Il appartient à la plus noble race de l’Océanie, à la première qui vit le jour après que le divin Mahouï eut organisé le monde[1]. Lui-même n’est pas né sur cette rive. Il a quitté la côte orageuse où les os de ses aïeux dorment, bercés au bruit de la mer éternelle. Qu’ils étaient beaux les jours où, chef de sa tribu, il mangeait la chair et buvait le sang des braves, servi par un troupeau d’esclaves


Dans la hutte où pendaient cent crânes chevelus !



  1. Leconte de Lisle raconte ici brièvement l’organisation du monde par Mahouï. Il s’est probablement inspiré, mais avec une grande liberté, d’un des chants indigènes publiés par Mœrenhout (Voyages aux îles du Grand Océan, t. I, p. 449) : « Mahoui va lancer sa pirogue. Il est assis dans le fond. L’hameçon pend du côté droit, attaché à sa ligne avec des tresses de cheveux ; et cette ligne et l’hameçon qu’il tient à sa main, il les laisse descendre dans la profondeur ou l’immensité de l’univers pour pêcher ce poisson (la terre). Il élève les pivots (les axes ou orbites) ; il élève la terre, cette merveille du pouvoir de Taaora. Déjà vient la base (les axes ou orbites) ; déjà il sent le poids énorme du monde. La terre vient. Il la tient à la main, cette terre encore perdue dans l’immensité ; elle est prise à son hameçon.

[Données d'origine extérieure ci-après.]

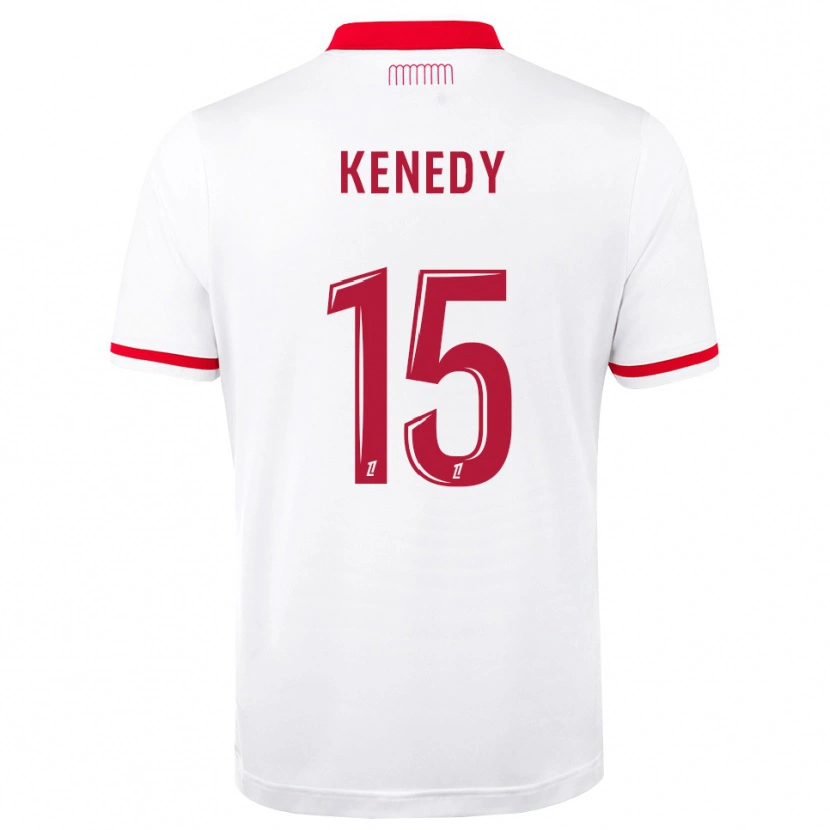 Danxen Criança Camisola Kenedy #15 Vermelho Branco Principal 2026/27 Camisa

Mahoui s’est assuré ce grand poisson, nageant dans l’espace, et qu’il peut à présent diriger à volonté. » — La suite est fort difficile à comprendre, de l’aveu de Mœrenhout. La terre y est dépeinte en désordre et inculte ; les êtres souffrent ; tout est confus et obscur. Mahoui règle le cours du soleil : alors naissent la fertilité, l’abondance, le bonheur.